Jenny Stewart and Hussein Abbass
What do we do when we create a public policy? One way of thinking about this issue is to say that when we create a public policy, we are creating a type of system – that is, a set of organisational linkages through which we hope to effect desired or desirable changes in the world.
When we talk about ‘the education system’ or ‘the health system’ we reflect this way of thinking in an obvious way. In a less obvious way, regulatory policies can be regarded as organisational systems directed towards the provision of control.
If it makes sense to see public policies as attempts to create or to modify systems, it follows that we need good ways of conceptualising these systems, for the purposes of running them better.
In terms of practice, one of the main ways we can do this is by measuring the impacts of our systems, and adjusting them so as to produce better results. This is the kind of thinking behind performance measurement and management.
Unfortunately, when we attempt to operate a performance management system in a policy setting, under conditions of uncertainty or rapid change, we may easily be caught out. We may be measuring the wrong things, with the result that we massively distort patterns of effort, to no good effect. Or we may be measuring the right things, but they are too removed from what we can realistically affect, to be meaningful. Or we may misunderstand the full extent of the problem. The chequered history of performance measurement and management reflects the extent of these issues.
How, then, do we combine the advantages of control, with those of flexibility? One approach is to supplement conventional performance measurement and management, with forms of policy and organisational learning.
Let’s see how this might work. Figure 1 shows the conventional performance measurement and management system. The idea here is that, through measuring our performance against agreed targets, we learn how better to approach those targets. (This is the single-loop learning that is discussed at length in the literature).
Double-loop learning is more complex – this is indicated in the next figure (figure 2). Here, participants question the assumptions that underpin the ‘mental map’ of the way in which their organisation (or system) works. As developed and practised by Argyris and Schon (both separately and together), this can be a powerful way of developing or redeveloping organisations (Argyris and Schon 1996). While the model does not posit actual arenas for action, there is space both for meeting the targets, and for questioning and reformulating them.
These ideas have strong relevance for policy-makers, but here, even when the objectives are known and agreed upon, there is often (even usually) no obvious way for ‘getting there from here’.
Does this mean we simply abandon the idea of performance? Or can we make performance itself part of a learning system? How much of performance should be negotiated with those who are part of the system that will be generating the results?
Let us look again at figure 1. The problem is not so much the ‘what’ as the ‘who’. Double-loop learning (especially if implemented at many levels in an organisation) opens up spaces for people to engage in reflective practice. Indeed, this was one of the main features of the actual practice of the approach.
Figure 3 suggests a way of combining the ‘strong’ aspects of performance measurement and management (that is, we combine goal-setting with a determination to measure how well or badly we are doing), with a greater degree of flexibility. The model provides for a substantial degree of leeway (negotiation) in determining indicators, targets and in negotiating and communicating objectives. In other words, what we will measure, how we measure it, and how it will be communicated are themselves changeable (and negotiable). The two parallel learning loops in the right hand side of the diagram represent these possibilities. Renegotiating performance measures has powerful implications.
But the model goes further. Re-thinking performance in this learning-oriented way allows for the possibility that the way we conceptualise the system we are trying to manage, may itself need to change. We may (for example) need to re-frame our approach to the problem (as implied by double-loop learning models). Or we may need to explore the possibilities of change (re-leverage) in a quite different system (for example, the best way to reduce youth unemployment, may be to address truanting problems in school).

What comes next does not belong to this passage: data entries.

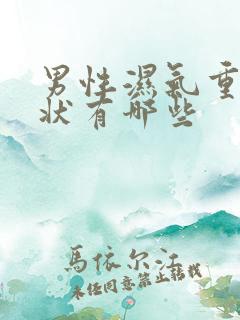 男性湿气重的症状有哪些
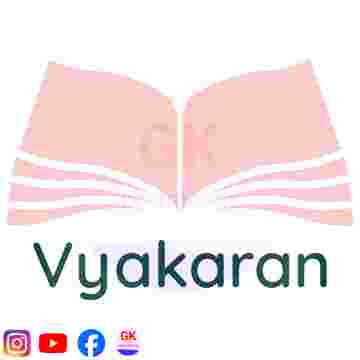 भाषा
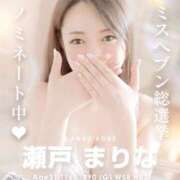 ヒメ日記 2026/10/10 13:44 投稿 瀬戸 まりな Canx2神戸店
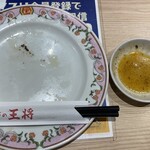 Gyouza No Oushou - 2024/04/20
      にんにく激増し餃子 341円
      極王天津飯 715円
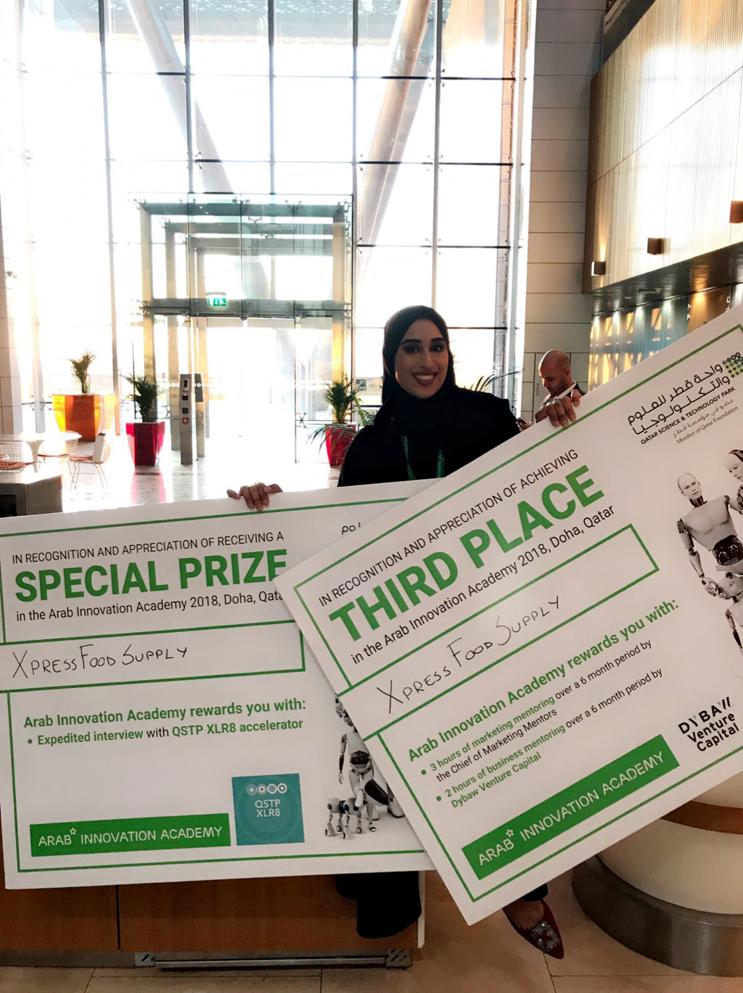 Image 4 Maryam Al-Naemi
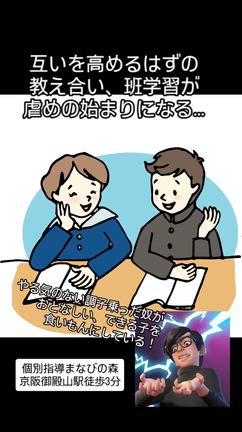 2026/01/29の記事動画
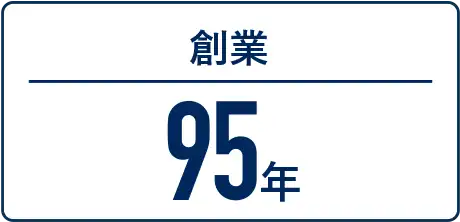 創業95年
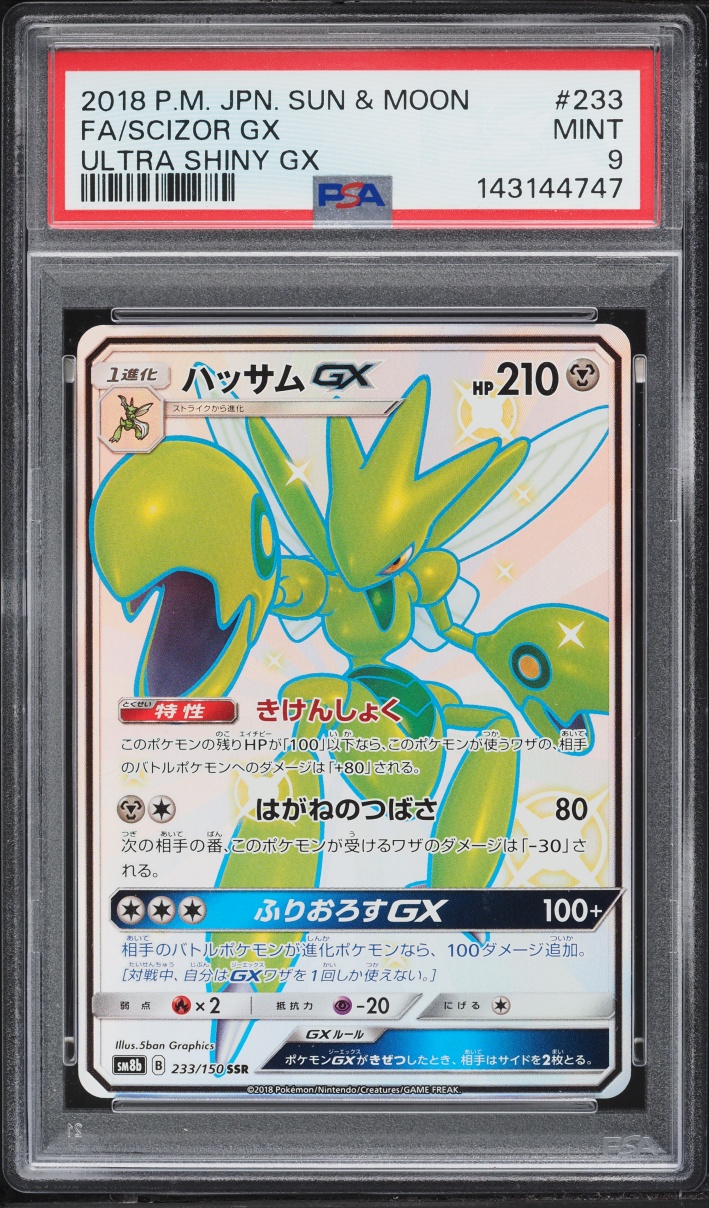 2018 Pokemon Japanese Sun & Moon Ultra Shiny GX Full Art Scizor GX #233 PSA 9 MINT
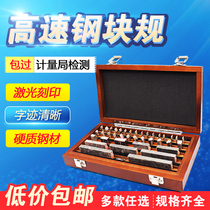 Precision high-speed steel block set block gauge standard block metric block gauge micrometer gauge block steel gauge block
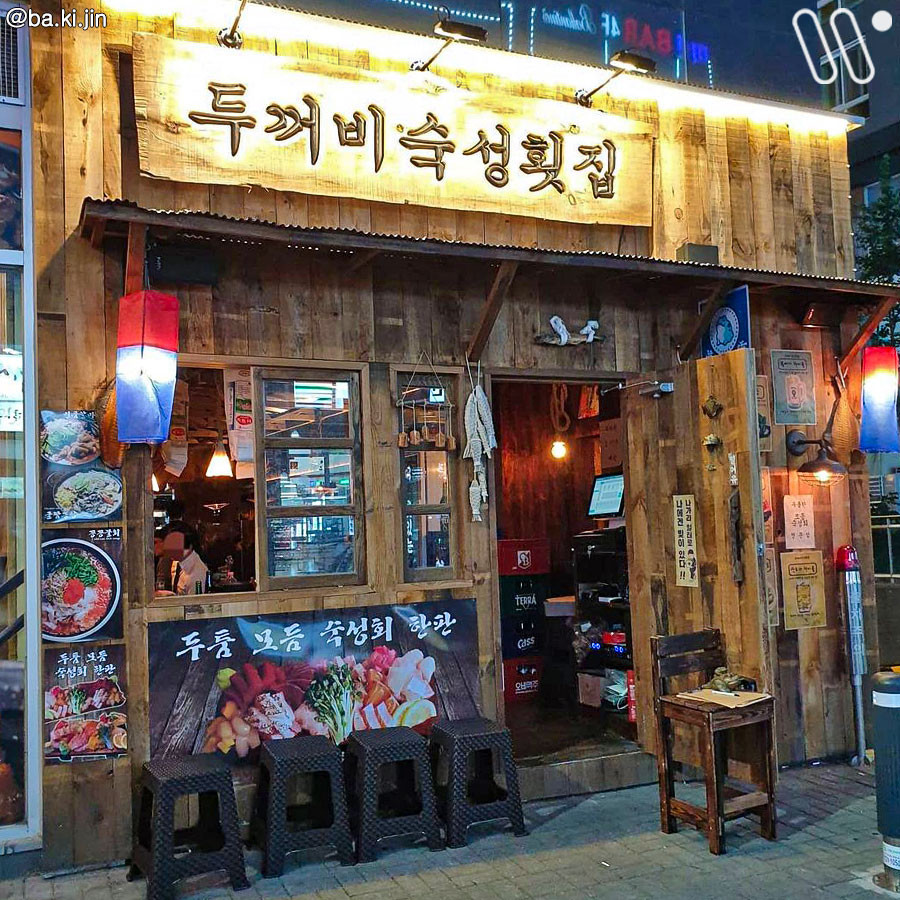 두꺼비와곱창 이미지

We do not know these issues when we start out, which is where the wise judgement point comes in. As the system runs ‘in the real world’, we must enter wise judgment points where we decide whether to continue the system as it is, to reframe our thinking, or leverage change in a different system.

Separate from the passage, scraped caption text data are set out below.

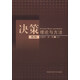 決策理論與方法（第2版）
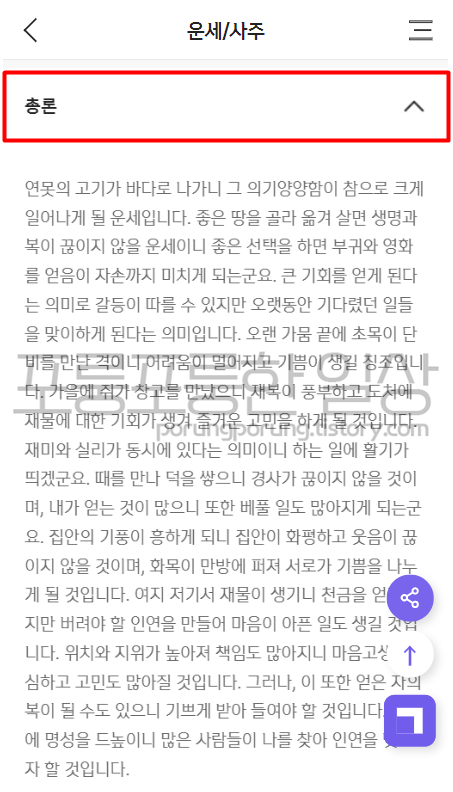 총론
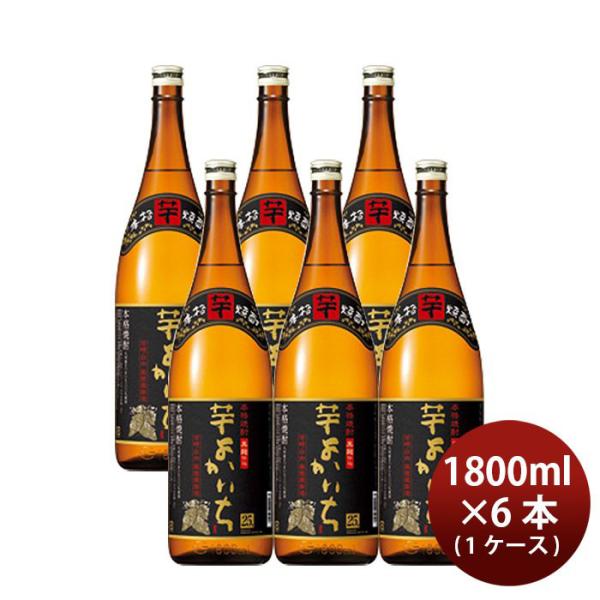 芋焼酎 よかいち 25度 本格焼酎 瓶 1.8L 6本 1ケース 宝酒造 1800ml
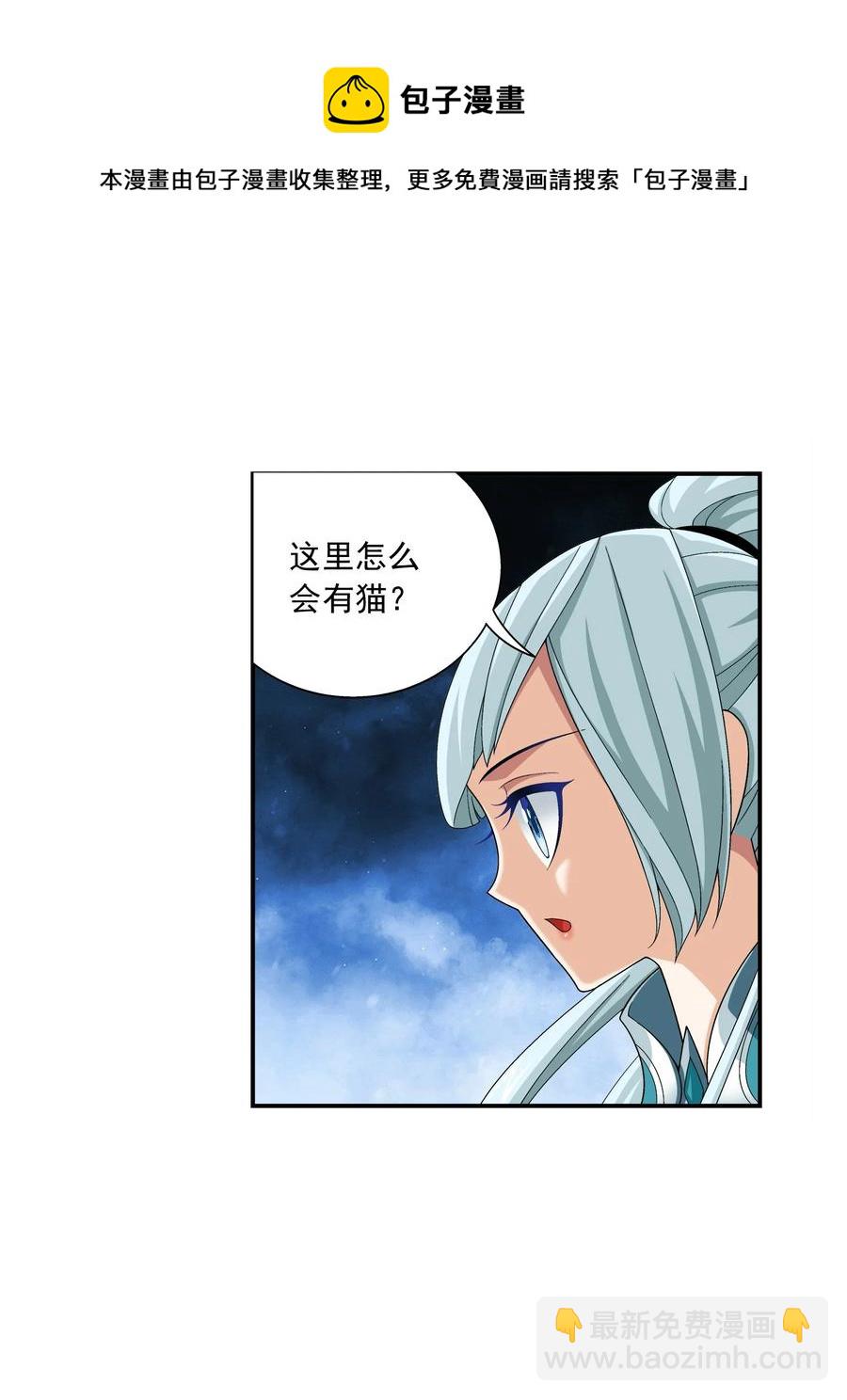 🍼斗破苍穹之大主宰 493 小猫？咪？ 第30页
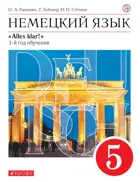Немецкий язык. 5 класс. Alles klar. Учебник.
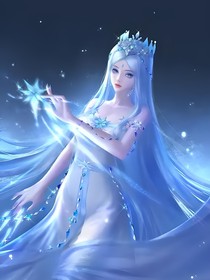 冰公主：异世？不，女王盛世！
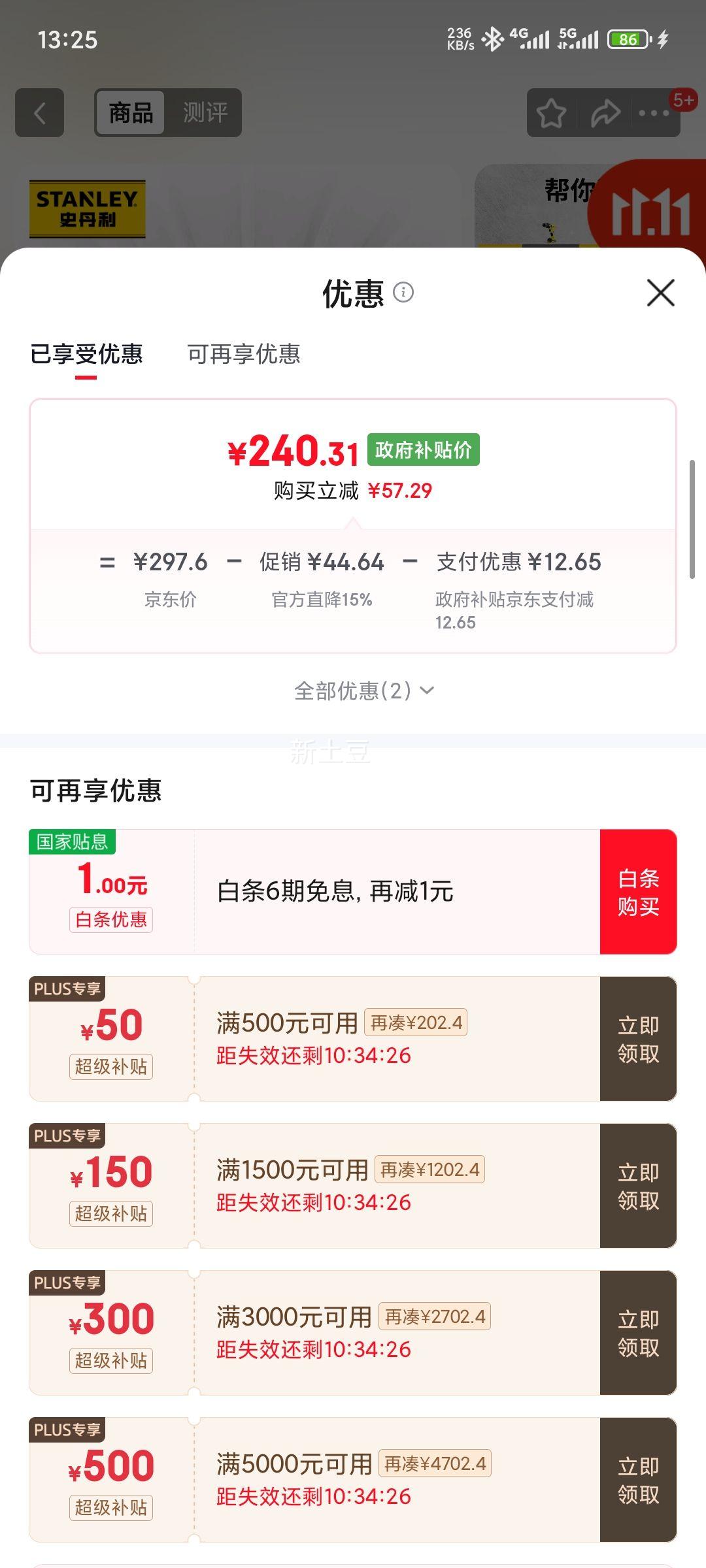 ʷSTANLEY12V綯ߵ綯˿﮵ֵ2.0Ah˫װ+ߺSCD10D2KŻ֤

The question arises, of course, as to whose ‘wise judgment’ we mean. Without the involvement of stakeholders, the learning model simply reinforces the power of control.Those at the top will still want to measure and to manage. If they are doing so in isolation from those who are implementing, or are responding in short-term ways, when longer-term thinking is needed, the model has not helped at all. Arbitrarily changing performance measures may be worse than having none at all.
Argyris, C. and Schön, D. (1996) Organizational learning II: Theory, method and practice, Reading, Mass: Addison Wesley.